Es muy amigo mío
-¿Conoces a Umberto Eco?-Es muy amigo mío.
-¿Y Octavio Paz?
-Hombre, íntimos. Lee mis poemas, le escribo.
-¿Conoces también a Philippe Sollers?
-No, pero me tiene mucha estima Julia Kristeva.
-¿Cuándo le viste?
-No le he visto nunca, pero una vez me invitó a una presentación suya, en Barcelona.
Es el Iugar común de la amistad cultural: la gente se conoce de toda la vida, se abraza, y a partir del primer conocimiento ya todo el mundo es amigo de todo el mundo.

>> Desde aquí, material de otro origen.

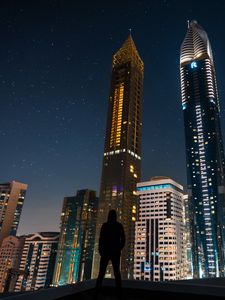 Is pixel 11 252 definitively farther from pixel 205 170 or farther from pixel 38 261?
pixel 205 170

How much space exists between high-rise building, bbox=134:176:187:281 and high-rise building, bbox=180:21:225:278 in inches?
1089

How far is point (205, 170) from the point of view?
15988 centimetres

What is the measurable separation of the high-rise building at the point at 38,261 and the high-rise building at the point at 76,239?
8.70m

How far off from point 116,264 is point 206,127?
175491 millimetres

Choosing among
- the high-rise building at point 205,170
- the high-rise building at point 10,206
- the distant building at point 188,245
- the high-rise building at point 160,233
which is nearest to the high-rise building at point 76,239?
the high-rise building at point 10,206

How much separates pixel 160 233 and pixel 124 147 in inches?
1738

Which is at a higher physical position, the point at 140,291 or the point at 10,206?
the point at 10,206

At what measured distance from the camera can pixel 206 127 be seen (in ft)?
558

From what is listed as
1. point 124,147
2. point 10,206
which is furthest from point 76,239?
point 124,147

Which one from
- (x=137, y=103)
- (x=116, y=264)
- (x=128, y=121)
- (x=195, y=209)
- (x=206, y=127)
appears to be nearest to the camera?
(x=116, y=264)

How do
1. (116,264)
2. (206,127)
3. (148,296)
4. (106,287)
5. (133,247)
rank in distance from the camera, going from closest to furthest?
→ (116,264)
(148,296)
(106,287)
(133,247)
(206,127)

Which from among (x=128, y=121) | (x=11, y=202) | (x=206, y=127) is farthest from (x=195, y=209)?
(x=11, y=202)

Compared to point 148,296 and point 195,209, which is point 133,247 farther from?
point 148,296

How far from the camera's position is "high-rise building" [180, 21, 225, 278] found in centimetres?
13862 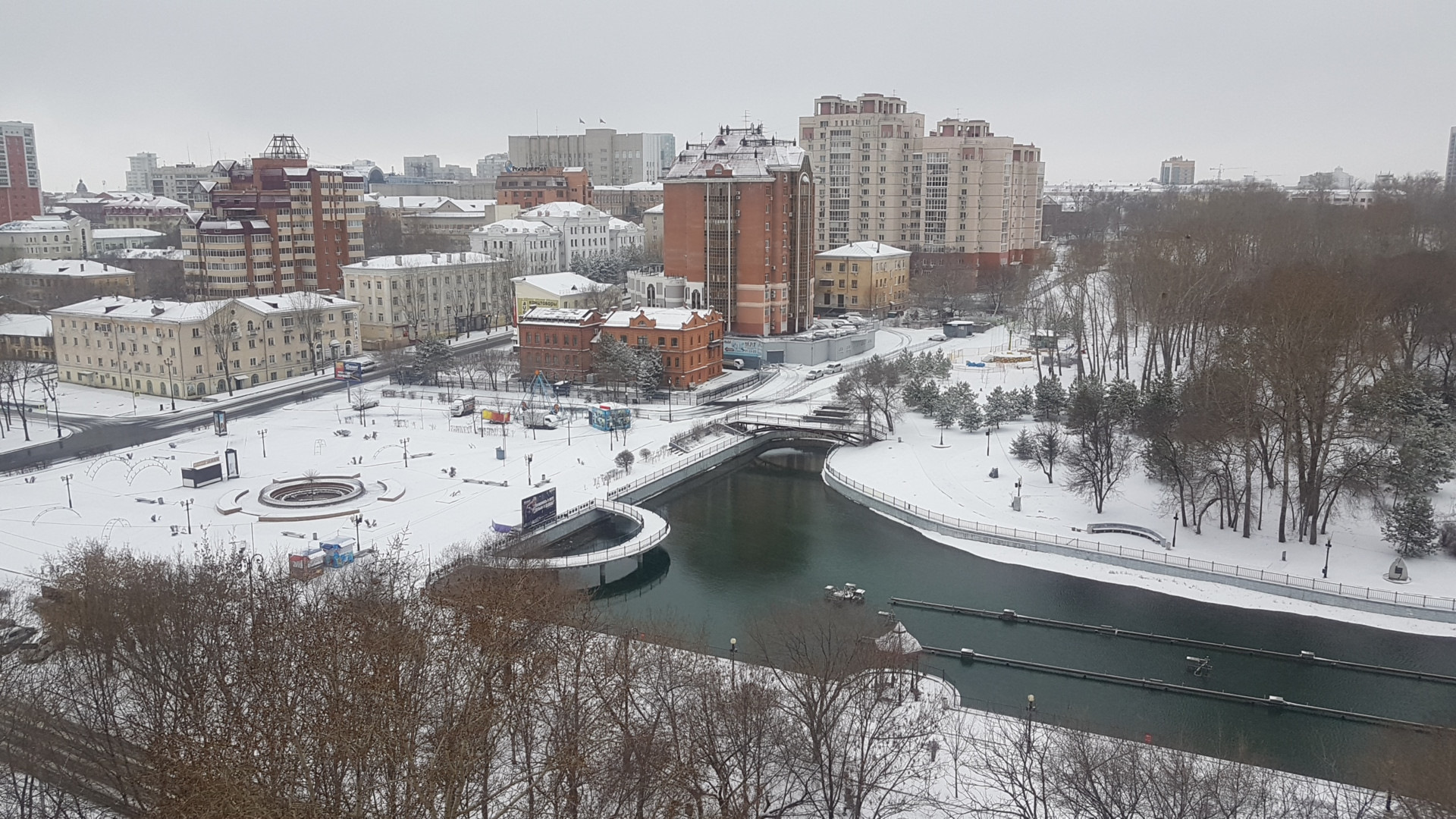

El escritor, el pintor o el arquitecto pasan por Madrid -o por Barcelona, aunque ya la gente pasa por más sitios en España-, reparte un par de agasajos, se va a su sitio y deja aquí a miles de lugareños extasiados ante la prueba duradera de la amistad del visitante.
Había un mexicano de los años ochenta que se encontraba con sus amigos del Zócalo y les decía:
-El presidente Salinas tiene mucho gusto en conocerme.
-Hombre, ¿y cómo lo sabes?
-Porque siempre que me ve en las recepciones me dice: "Mucho gusto".
Juan Rulfo, al que acudieron como moscas los amigos versátiles desde que fue notoria su fama literaria, le dijo un día, al venezolano Adriano González León:
-Ven acá y defiéndeme de ésos, que dicen que son mis amigos y lo único que hacen es reprocharme que no escriba más.
Ahora se ve en Madrid la primera casa de ese maravilloso solitario, pintada por José Hernández y expuesta en el Instituto de México (Carrera de San Jerónimo, 46). Una casa llena de las hierbas que da el tiempo y que él atesoró a lo largo de la vida como la convocatoria de un regreso.
Huía de los otros como de las moscas y se sabía amigo de muy poca gente, pero todo el mundo lo dijo alguna vez:
-¿Rulfo? Es muy amigo mío.
Borges, al que la Casa de América también le ha rendido esta semana la pleitesía que este país le debe a un gran genio del sueño y del ensueño, también era muy propicio para la práctica de la amistad cultural de carácter instantáneo. Como era ciego, además, él mismo simulaba más conocimiento que el deseado por el amigo de toda la vida:
-Ah, es usted, claro, cómo se me va a olvidar su voz.
Era un bromista excepcional, y dos horas con él podían dar, en efecto, la sensación de que sólo un tanto por ciento muy relativo de su genio era el que estaba en los libros, porque conversaba como fuera un mago de las leyendas, de las lenguas y de la vida inmortal: parecía que no había nacido nunca ni se iba a morir jamás. Ahora que un gran borgólogo, Marcos-Ricardo Barnatán, va a publicar una larga biografía del autor del Libro de arena, sabremos más de esa capacidad borgiana para darle a la realidad de la charla la sensación de la obra de arte. Pero siempre se recordará, entre todas las anécdotas de Borges, la que simboliza su manera de relativizar la amistad y el conocimiento:
-¿Gerardo Diego? ¿Usted es Gerardo Diego? ¿Será Gerardo o será Diego?
Borges, a veces, sometía a pruebas inclementes a los amigos ocasionales cuando estaba solo en medio de la cúpula del Palace, donde mejor veía la luz. Les decía, nada más escucharles los primeros elogios al maestro:
-¿Y usted no me acompañaría al baño?
No era el único en someter a la prueba del baño a los escritores noveles o a los periodistas imberbes; este cronista se vio en la circunstancia de acompañar al váter, por este orden, a Neruda, a Cela, al propio Borges y a María Zambrano. No es una prueba de amistad, claro, ni de nada; pero por menos uno escucha al mecánico que alguna vez le arregló el coche, o al acosador sexual que un día le vio abandonar el váter que es muy amigo, y así sucesivamente de Umberto Eco, de Octavio Paz o de Julia Kristeva.
¿Somos amigos de todo el mundo, como era Kim de la India? Es un lugar común del lenguaje cultural, que hay que poner siempre en su sitio, porque la amistad es una gimnasia, antigua, a la que la cultura -la cultura que más ruido hace, la que conocemos- le quita el oro. Así que es bueno ver que en el horizonte de lo que sucede a veces pasan cosas que nos hacen decir de veras que le ha ocurrido algo bueno a alguien al que ciertamente se le puede aplicar la muletilla, porque, en efecto, Fernando G. Delgado, el último Premio Planeta -"el primer Planeta de Canarias"-, es muy amigo mío.